Short descriptive text snippets:

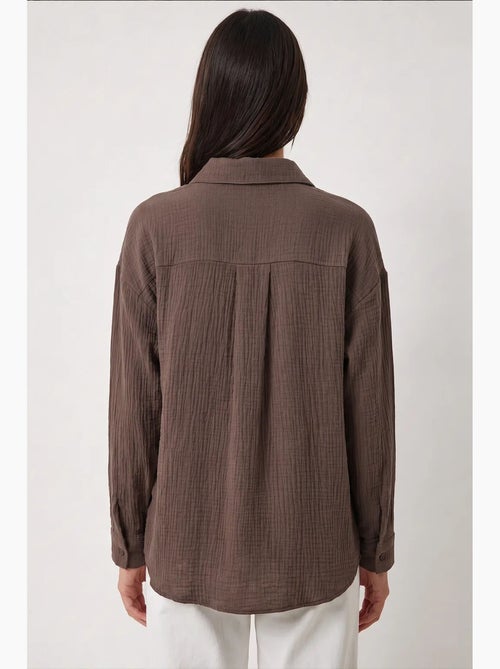 Chemise oversize en coton texturé avec poche istanbul - Kiabi Chemise oversize en coton texturé avec poche istanbul - Kiabi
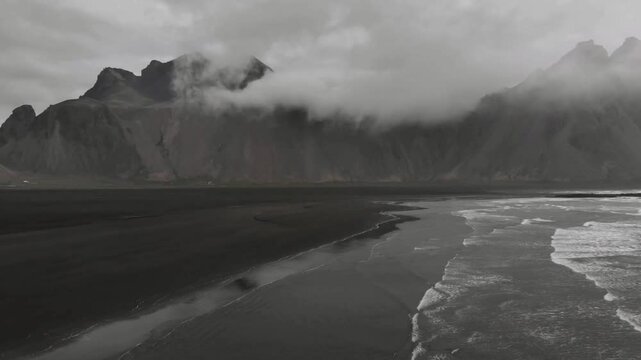 Black sand beach meets the ocean under a cloudy sky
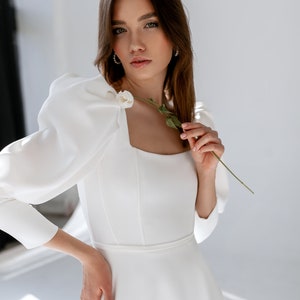 May include: A woman wearing a white, long-sleeved dress with a square neckline and puffed sleeves. The dress has a fitted bodice and a flowing skirt. She is holding a single white flower.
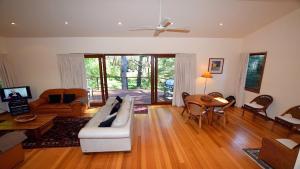 a living room with a couch and a table at Santosha Glade near the Everglades in Leura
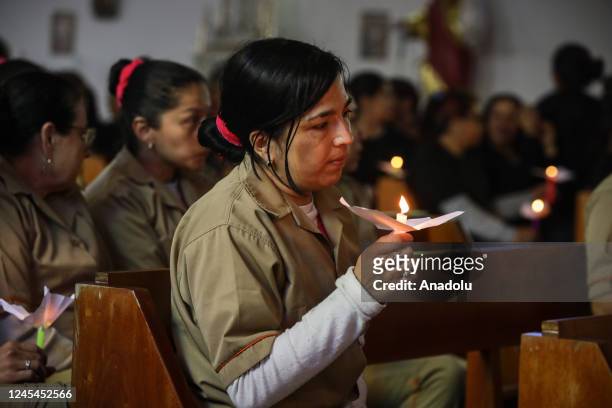 Inmates attend the celebration of 'Day of the Candles' at El Buen Pastor Women's Prison in Bogota, Colombia, on December 07, 2022. Colombian people...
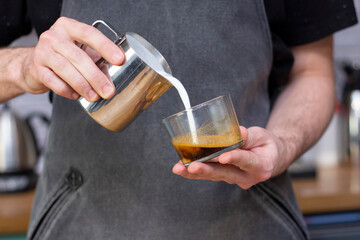 latte art. art of drawing on coffee. barista makes latte art milk from a pitcher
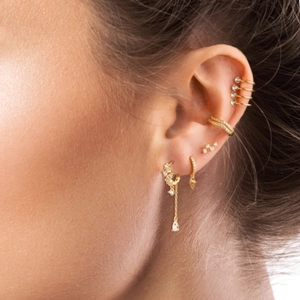 Detailansicht vergoldeter Earcuffs und Ohrringe mit Zirkonia-Anhängern und Sternen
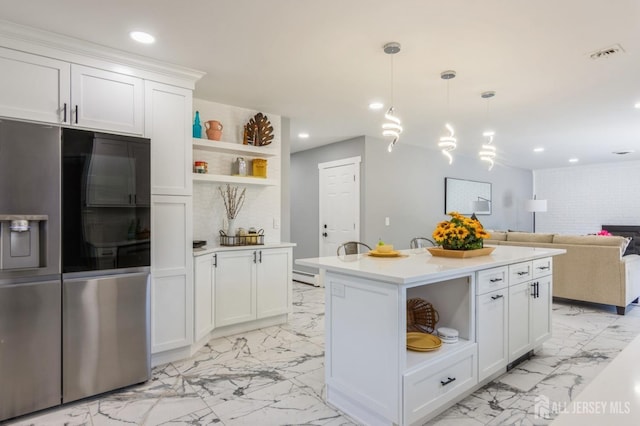kitchen with stainless steel refrigerator with ice dispenser, open shelves, marble finish floor, and light countertops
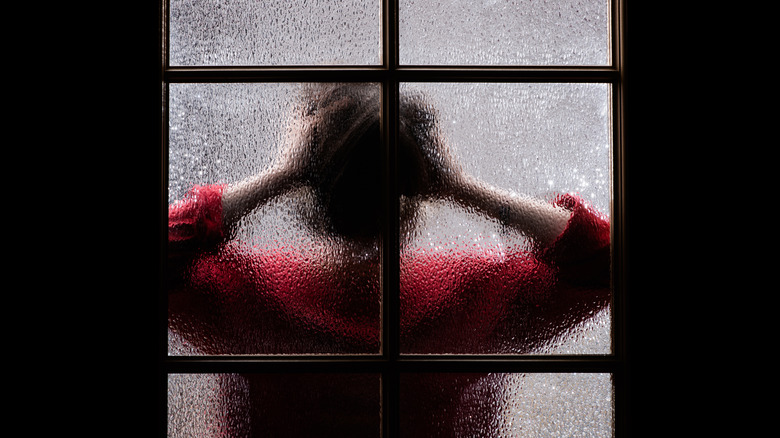 woman behind tempered glass window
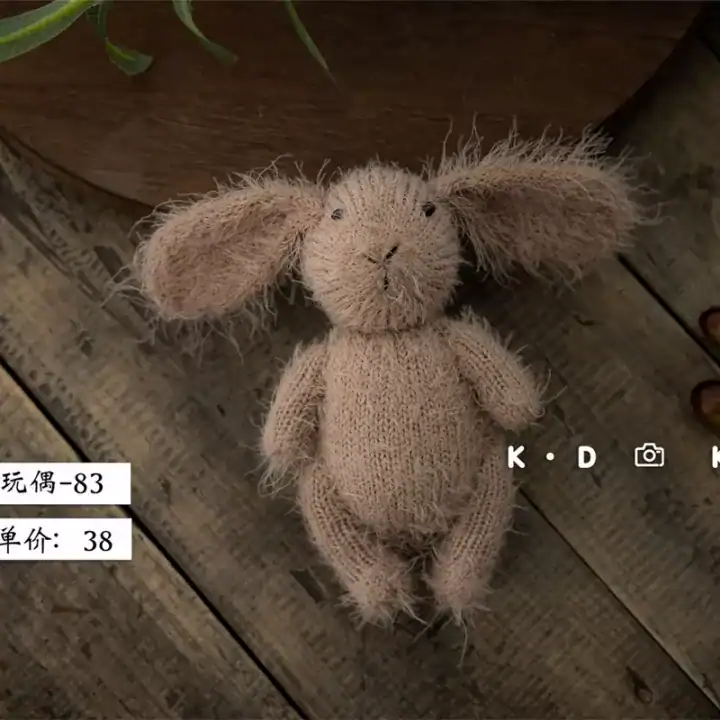 دمية أرنب كروشيه بني فاتح محبوكة يدوياً بآذان طويلة لتصوير المواليد وحديثي الولادة بأسلوب فني دافئ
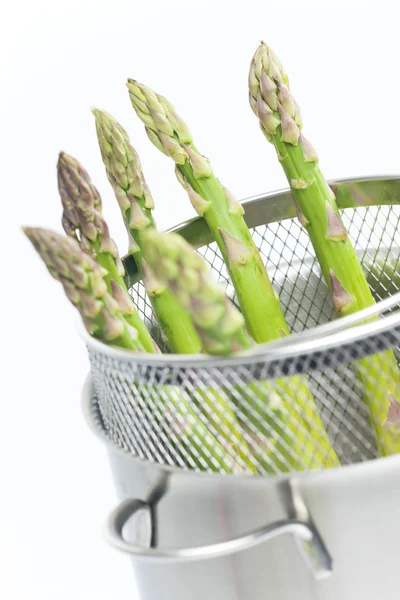 Green asparagus in pot — Stock Photo, Image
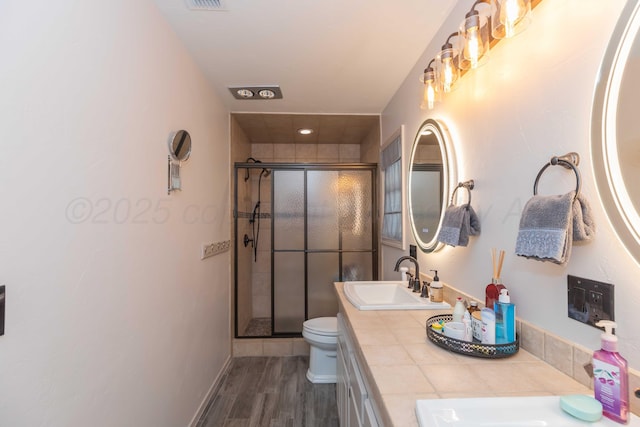 bathroom featuring hardwood / wood-style flooring, vanity, a shower with shower door, and toilet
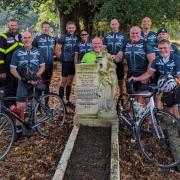 Ready for the off: cyclists beside the grave of Marta Cunningham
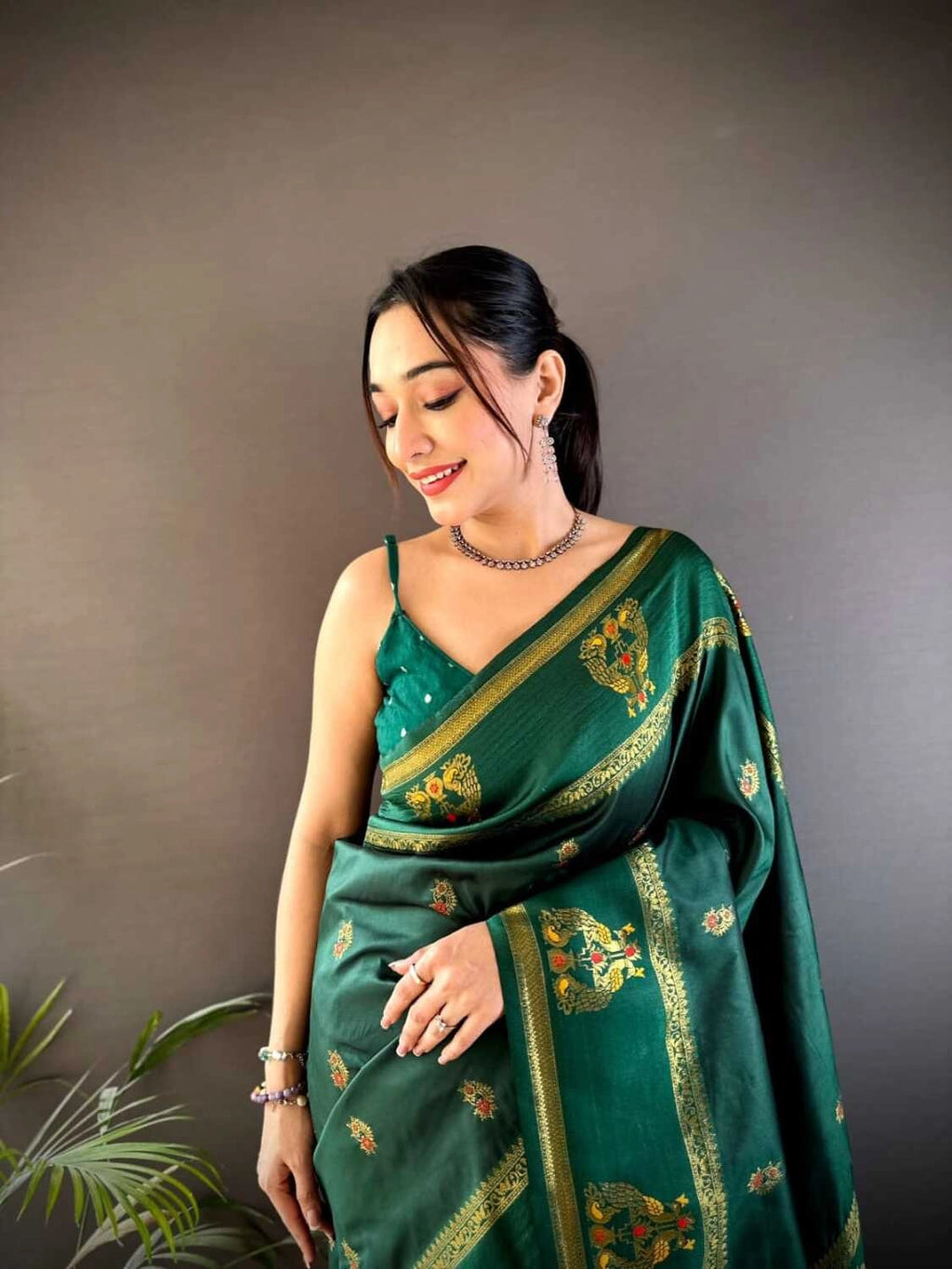 Green traditional paithani silk saree with meenakari zari weaving work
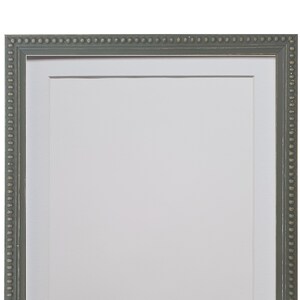 Peut inclure: Un cadre photo rectangulaire avec une finition gris-vert et un passe-partout blanc. Le cadre a un bord perlé et un design simple et élégant. Le cadre est vide, prêt à afficher une photo ou une œuvre d'art.
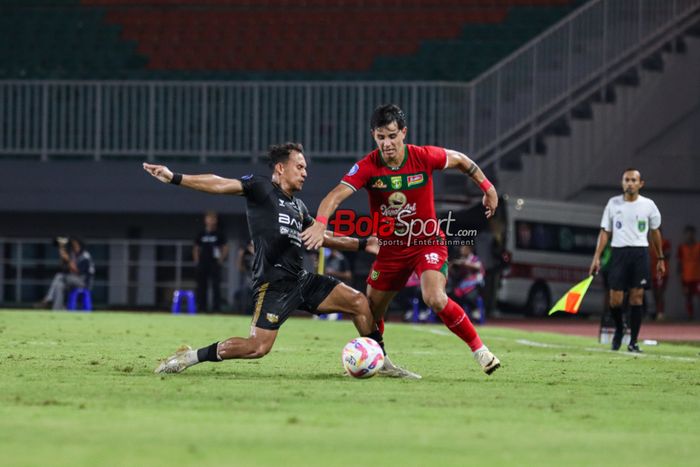 Bruno Moreira (kanan) sedang berebut bola dengan Egy Maulana Vikri (kiri) sedang menguasai bola dan dibayangi Bruno Moreira (belakang) dalam laga pekan ke-24 Liga 1 2024 antara Dewa United FC versus Persebaya Surabaya di Stadion Pakansari, Bogor, Jawa Barat, Jumat (21/2/2025).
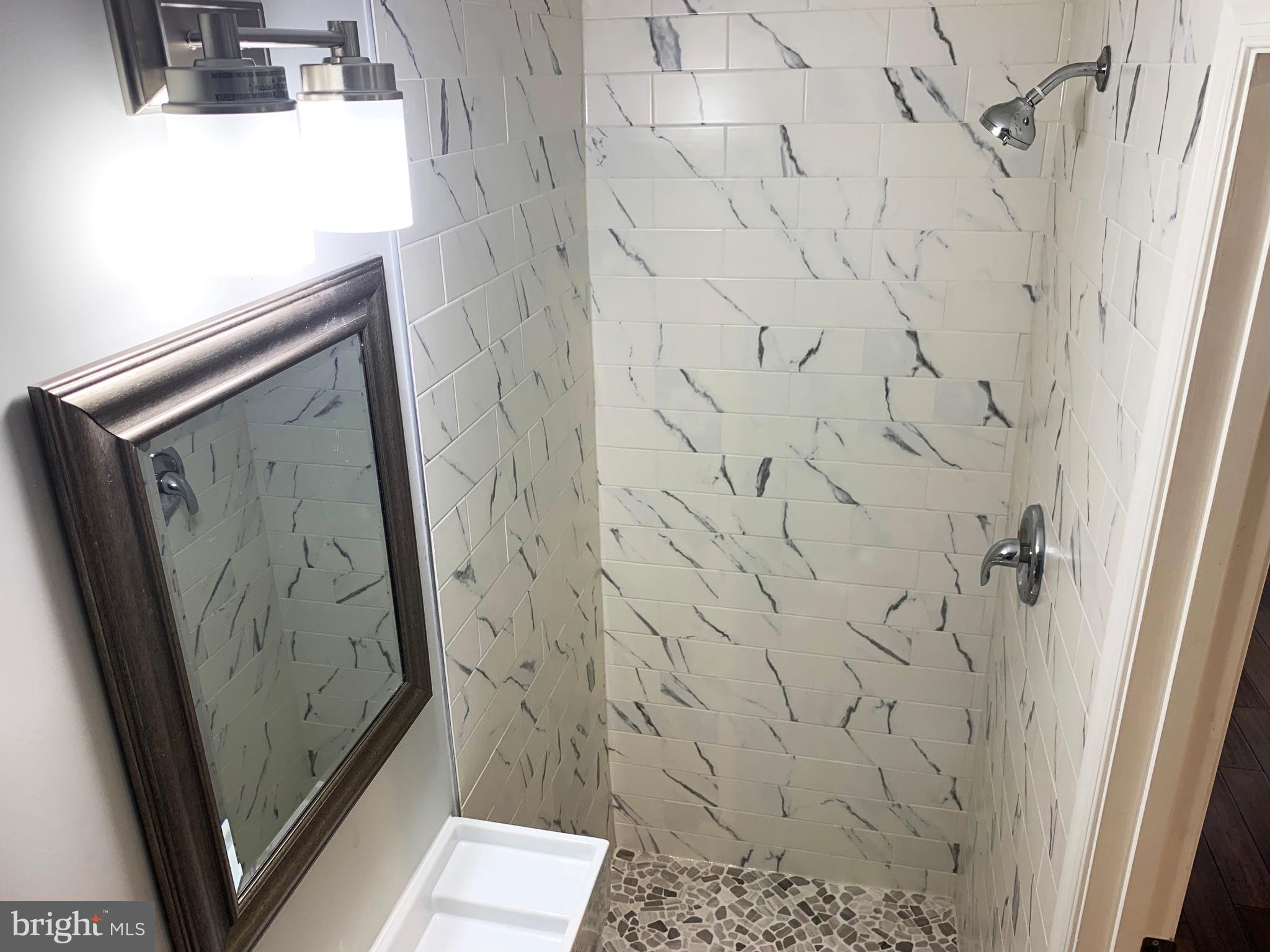 12707 Gould Road Silver Spring, MD 20906 - Photo 15 of 23 a bathroom with a shower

**WHAT IS NEEDED:** Both the line containing "kitchen with stainless" and the line containing "دمية أرنب كروشيه" above belong in the output, as do the lines between them. Print them exactly, without pictures.

**WRITTEN RESPONSE:**
kitchen with stainless steel refrigerator with ice dispenser, open shelves, marble finish floor, and light countertops
 woman behind tempered glass window
 دمية أرنب كروشيه بني فاتح محبوكة يدوياً بآذان طويلة لتصوير المواليد وحديثي الولادة بأسلوب فني دافئ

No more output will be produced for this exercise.